ボストン茶会事件~独立戦争
1769年の春、現在のカリフォルニア南端サンディエゴ湾の中に一隻のフリーゲート号が入港してきた。乗船していたのは、カリフォルニアへ殖民を目指すスペインの探検家だった。16世紀にもスペイン人はカリフォルニア海岸を船で探検したが、当時中南米の殆どを占領していたスペインにしてみれば、カリフォルニアを殖民する余裕がなかったという。

200年余の年月が過ぎ、1769年の夏、サンディエゴのプレシディオ(要塞)ヒルの上に、セラ神父がカリフォルニア最初のミッション(伝道寺院)を建立した。翌1770年には北上して風光明媚なモントレーに上陸した一隊は、ここにも新しいミッションを建立した。その後、30年の間に広大なカリフォルニア海岸の南半分に渡って19ヶ所ものミッションを建立してしまった。そして、それらがインディアン達の交易所や伝道所となり、更には植民地化の拠点ともなった。



1763年に集結したヨーロッパの7年戦争の間に、植民地だったアメリカでは、イギリスとフランスが闘い、イギリスが勝ったことにより、広大なカナダの植民地を手に入れた。 しかしながらイギリスは、莫大な戦費のために国の財政が窮乏した。そこで、時の国王ジョージ3世は「植民地防衛のための費用なのだから、植民地の連中に分担させよう!」と考え、関税法を改めて税金の取りたてを強化した。印紙税法が制定されたのが1765年。

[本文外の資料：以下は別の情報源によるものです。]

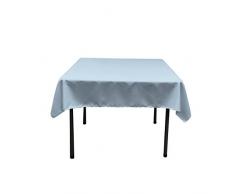 LA Linen Quadratische Tischdecke aus Polyester/Popeline, Polyester, hellblau, 132 x 132 x 0.04 cm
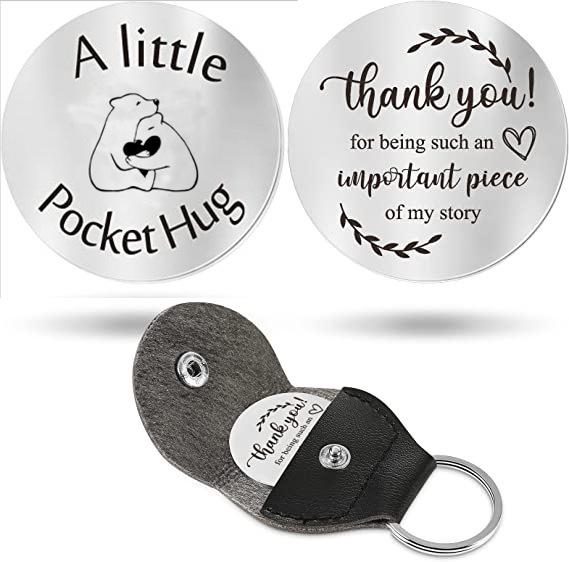 Cross Car Key Inspirational Decision Coin Leather Keychain with Stainless Steel Engraved Double-Sided Round Charm Gift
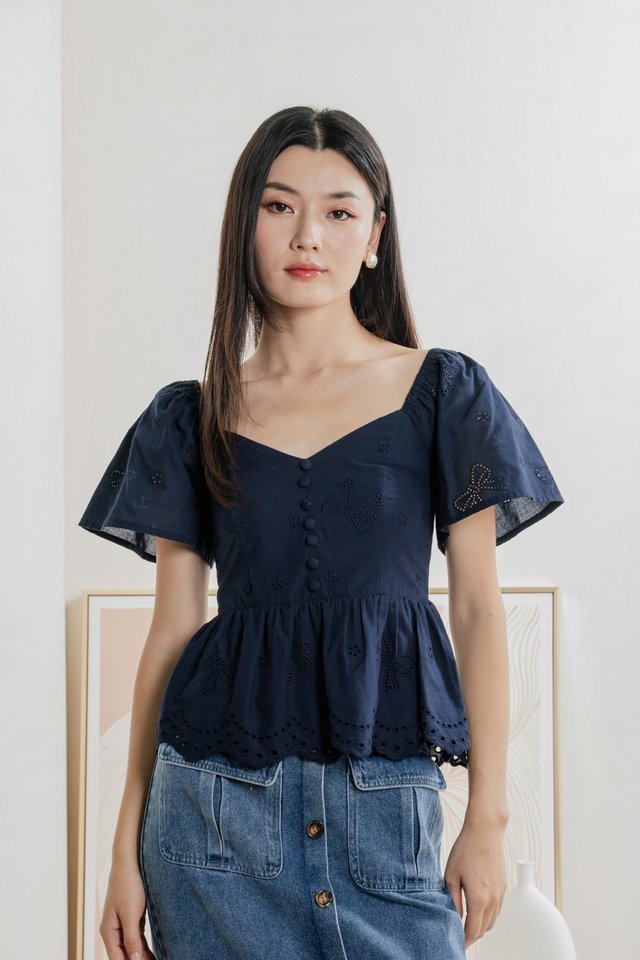Brinia Ribbon Eyelet Button Top In Navy
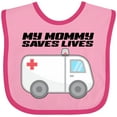 thumbnail image 3 of Inktastic My Mommy Saves Lives Ambulance Boys or Girls Baby Bib, 3 of 4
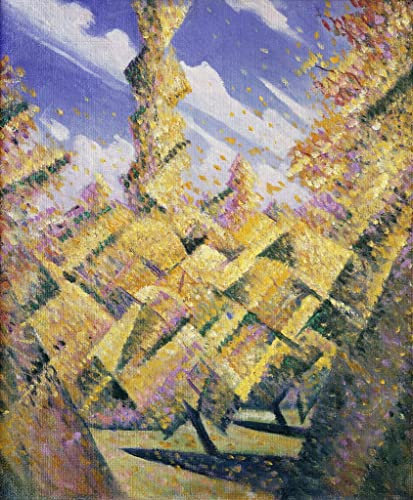 MSTECO Leinwand Bilder Kunstdrucke Abstrakt Poster Berühmtes Gemälde Der Herbst der vier Jahreszeiten von Christopher Richard Wynne Nevinson für Wohnzimmer 60x90cm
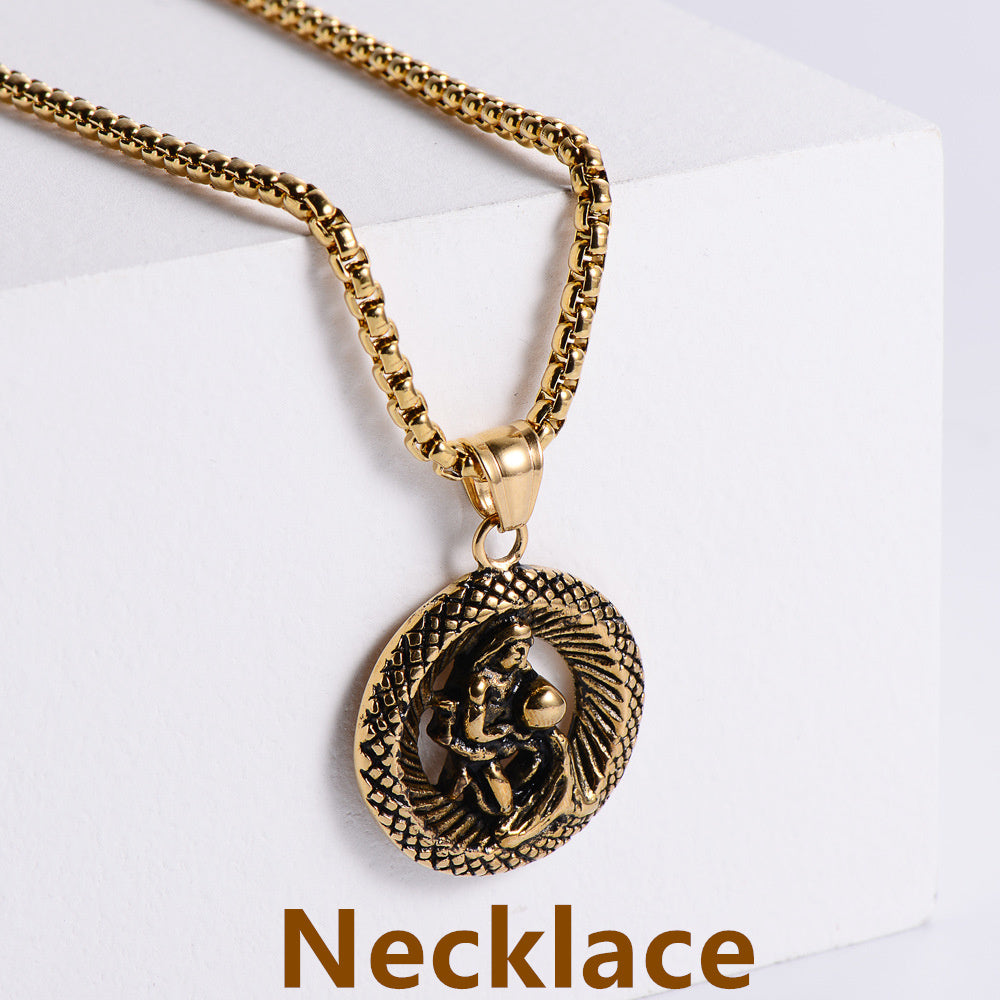 Retro -Zodiac Edelstahl -Anhängerkette Halskette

当時、イギリスの東インド会社は、植民地を含む本国との茶貿易について、とても不公平な独占権が与えられていて、他の国の東インド会社は密輸という手段で対抗していた。植民地の人々は無論反発して、イギリスからの輸入品に不買運動を行った結果、茶税だけを残して印紙税法は撤廃された。

しかし、茶は植民地の人たちの中にも既に浸透しており、密輸茶の人気は高まるばかり、イギリスの茶の売り上げは落ち込んでいった。困ったイギリス東インド会社のために、イギリスは「本国に関税を払わないで、アメリカに茶を売ってもよい」と宣言。正規輸入される茶は安くはなったが、密輸に従事していた人たちは激怒する。

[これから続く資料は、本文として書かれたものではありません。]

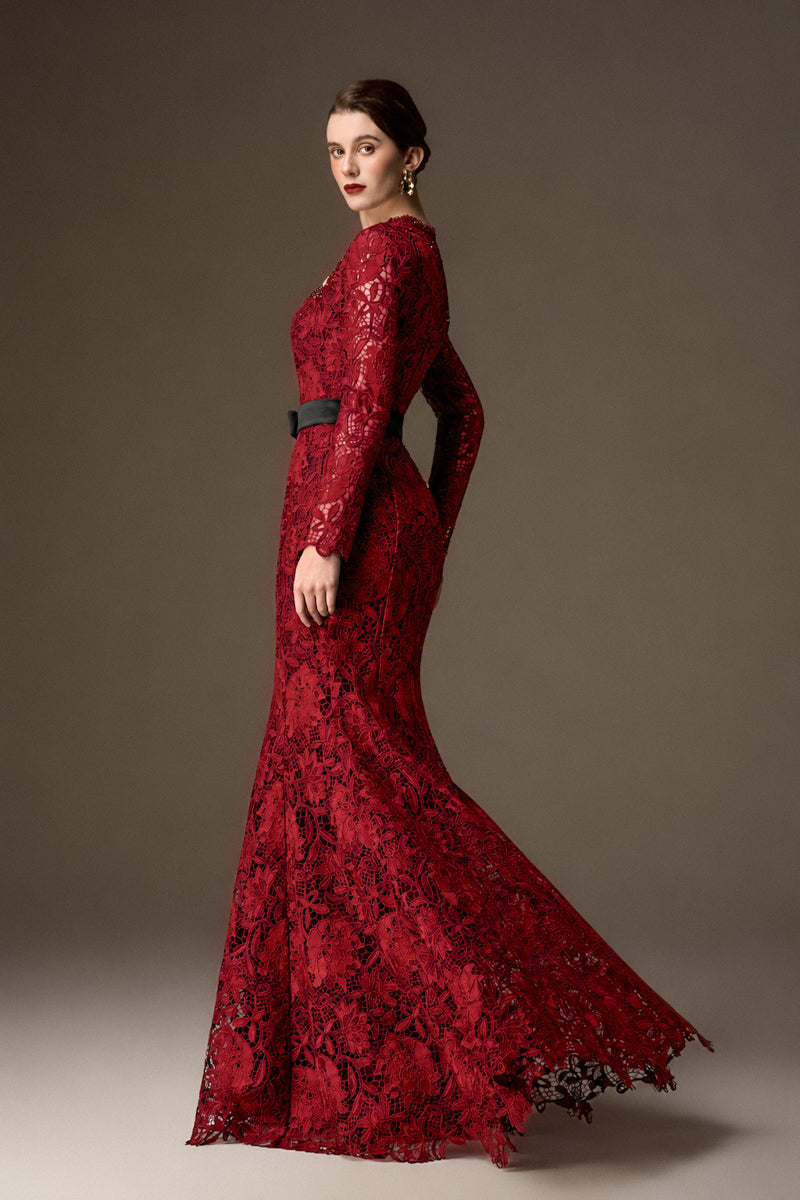 Trapeze Neck Mermaid Gown With Waist Belt In Cocoa Dark Red Lily Floral Lace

1770年、ボストン虐殺事件勃発。重い税金に反対したボストン市民と英国軍が衝突。兵士が群集に向け発砲し、死者5人。ボストン茶会事件のきっかけになる。そして1773年12月16日のこと。 「積み荷の茶を塩水で混ぜ合わそう!」 とインデイアンに扮装した人々は無言で、ダートマス号、エリーナ号、ビーバー号に乗っていた茶箱342個を海に投棄してしまう。この事件の後、その近辺の海で獲れる魚は茶の味がするといわれたとか。この事件を契機として、フィラデルフィアなどでも「ティーパーティ」が開かれ、最終的には独立戦争へと発展した。

1774年、海路と並行して、陸路でメキシコ北辺からカリフォルニア中央部に到達するコースを作り上げる必要があり、英雄ファン・バウディスタ・デ・アンサにスペインから命令がくだった。

探検隊でもあったアンサは、アリゾナの南端にあるツーバック根拠地を指揮していた。アンサは命令を受けた年(1774年)に1度予備審査を行う。ツーバックから74日かけてモハベ砂漠を横切り、現在のロサンゼルスに近いサンガブリエル・ミッションに到達している。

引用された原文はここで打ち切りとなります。